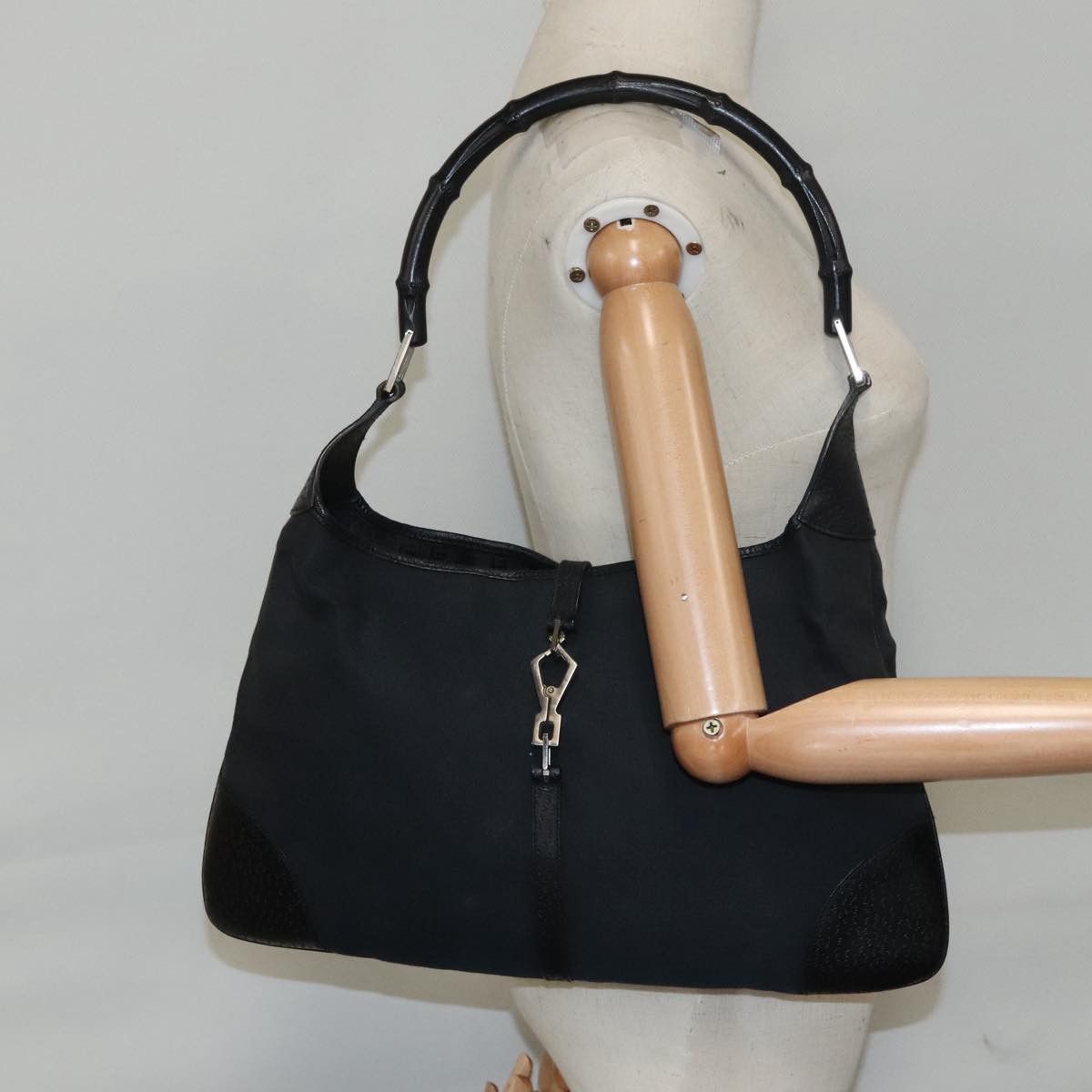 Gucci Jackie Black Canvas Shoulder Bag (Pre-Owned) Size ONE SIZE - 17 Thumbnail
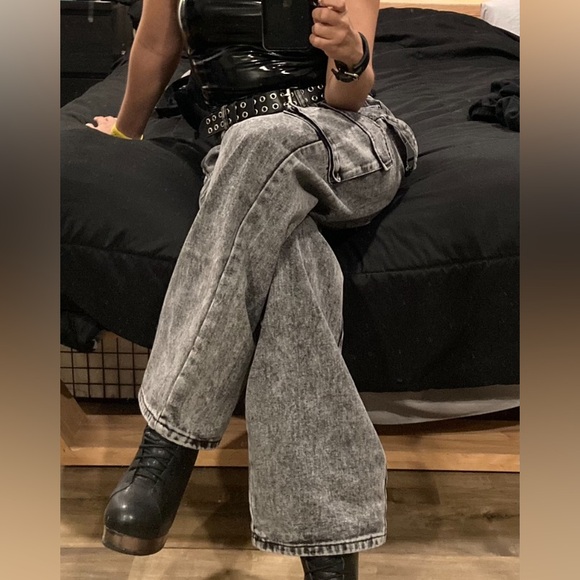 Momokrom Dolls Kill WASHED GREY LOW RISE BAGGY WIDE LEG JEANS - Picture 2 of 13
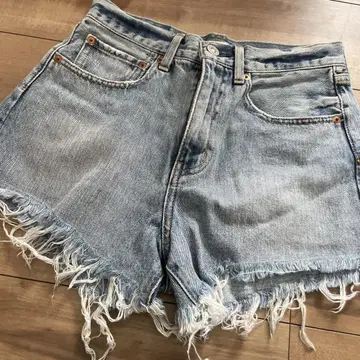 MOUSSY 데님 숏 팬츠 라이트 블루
--
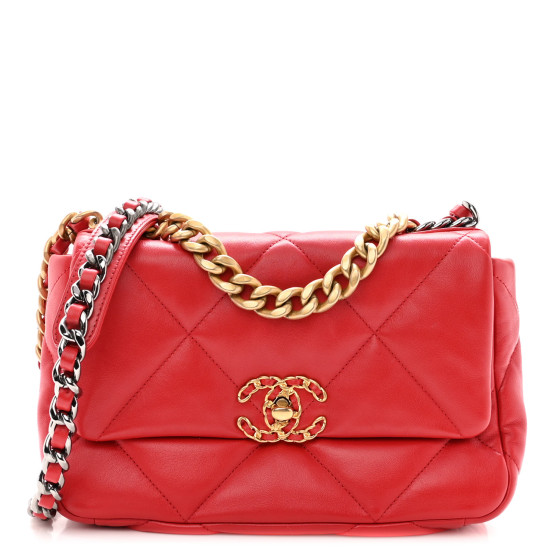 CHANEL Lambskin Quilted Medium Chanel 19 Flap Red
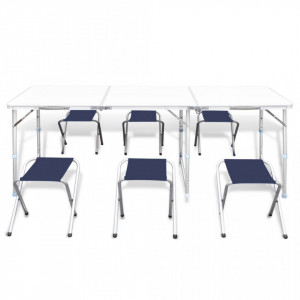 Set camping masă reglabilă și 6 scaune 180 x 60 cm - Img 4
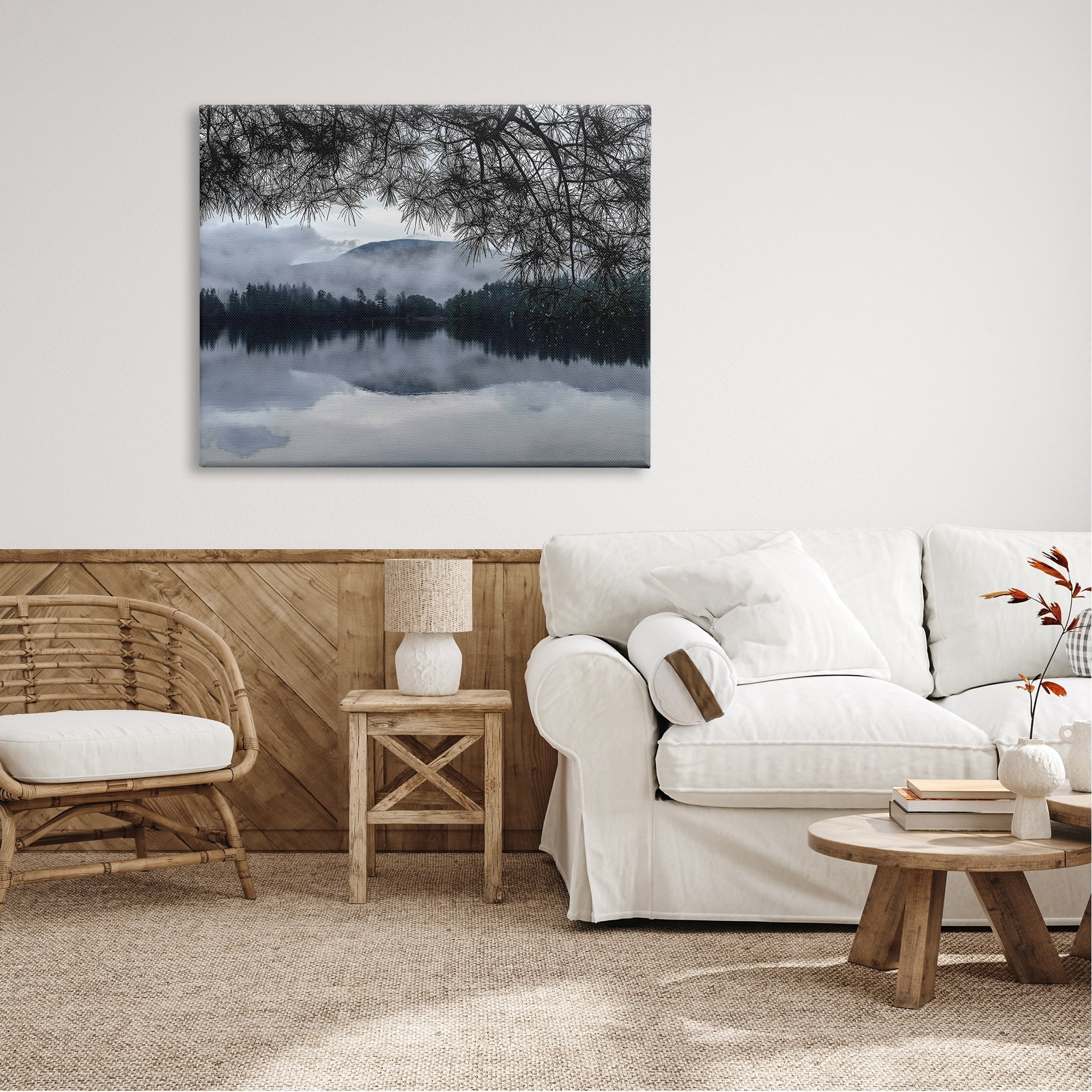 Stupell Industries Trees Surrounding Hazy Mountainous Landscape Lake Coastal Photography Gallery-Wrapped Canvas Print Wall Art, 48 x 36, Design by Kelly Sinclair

Activity:
What lines above run from the one with "CHANEL Lambskin Quilted" to the one with "Stupell Industries Trees"? Give them again exactly, ends included, and leave the pictures out.

Response to the exercise:
 CHANEL Lambskin Quilted Medium Chanel 19 Flap Red
 Set camping masă reglabilă și 6 scaune 180 x 60 cm - Img 4
 Stupell Industries Trees Surrounding Hazy Mountainous Landscape Lake Coastal Photography Gallery-Wrapped Canvas Print Wall Art, 48 x 36, Design by Kelly Sinclair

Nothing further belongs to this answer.